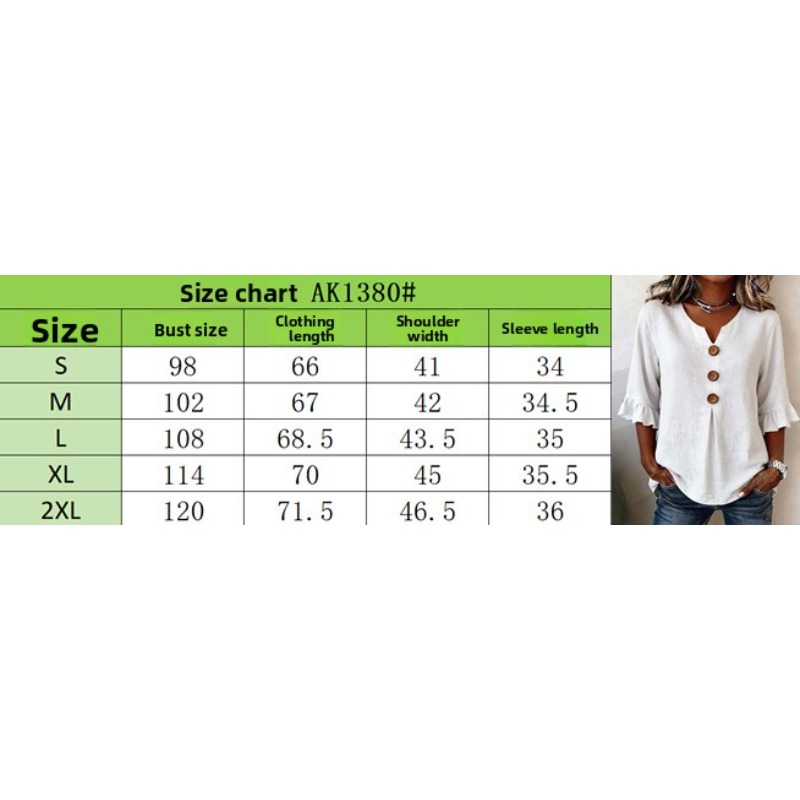 Chemisier d'été pour femmes en lin et coton, col en V, boutonné, chemises tendance pour dames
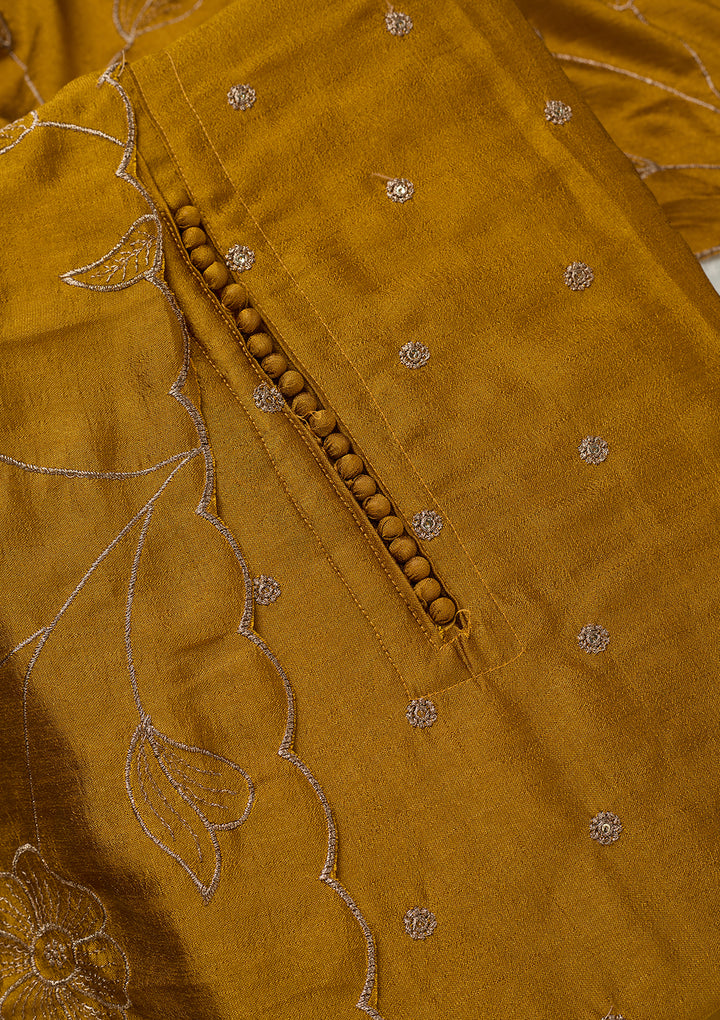 Mustard Zariwork (Gold) Soft Raw Silk Unstitched Salwar Suit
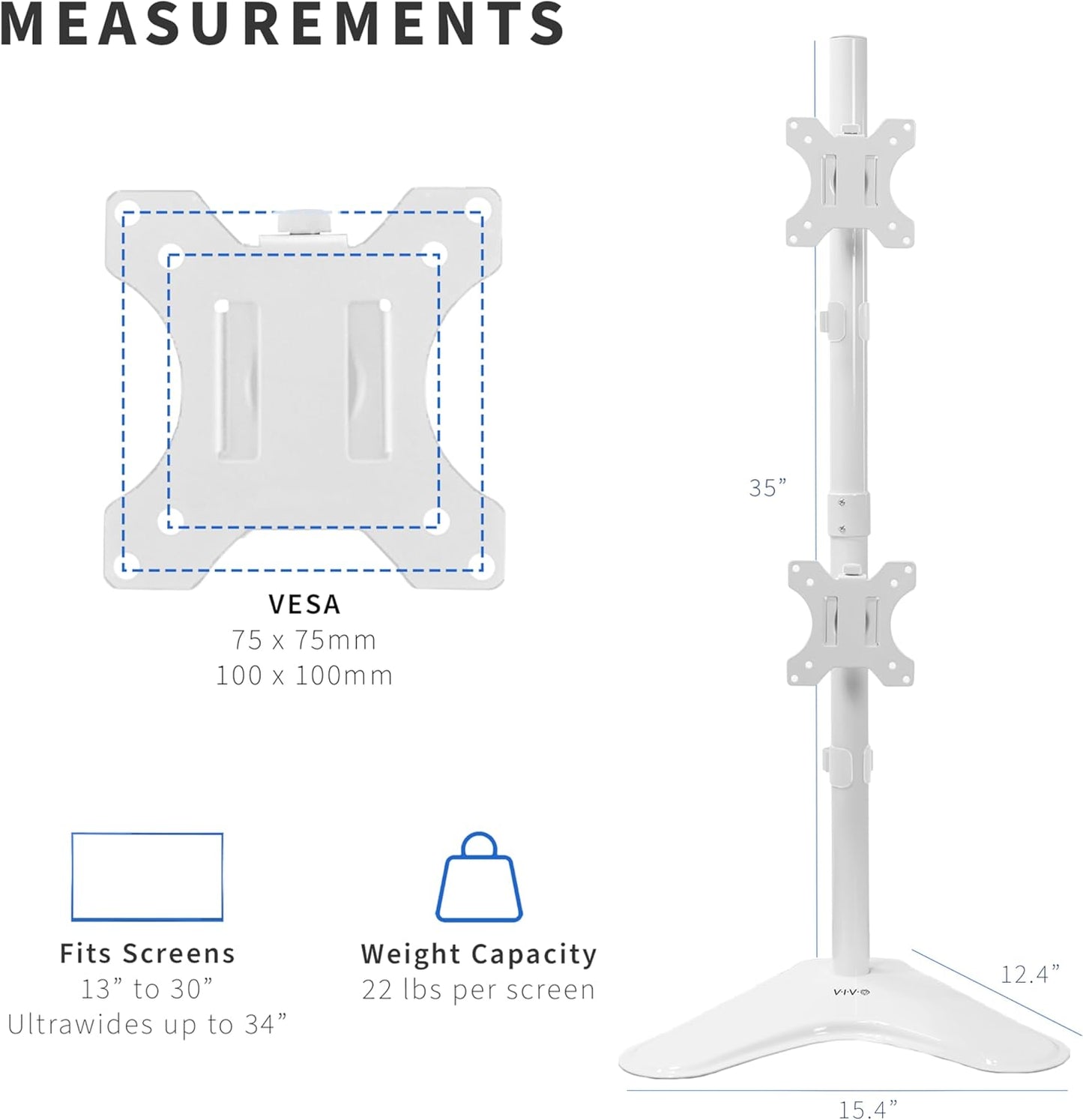 VIVO Dual Monitor Desk Stand Free-Standing LCD Mount, Holds in Stacked Vertical Position 2 Ultrawide Screens up to 34 inches, White, STAND-V002LW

__Problem__
Repeat the listing above exactly, omitting the pictures it contains.

__Task solution__
 Chemisier d'été pour femmes en lin et coton, col en V, boutonné, chemises tendance pour dames
 Mustard Zariwork (Gold) Soft Raw Silk Unstitched Salwar Suit
 VIVO Dual Monitor Desk Stand Free-Standing LCD Mount, Holds in Stacked Vertical Position 2 Ultrawide Screens up to 34 inches, White, STAND-V002LW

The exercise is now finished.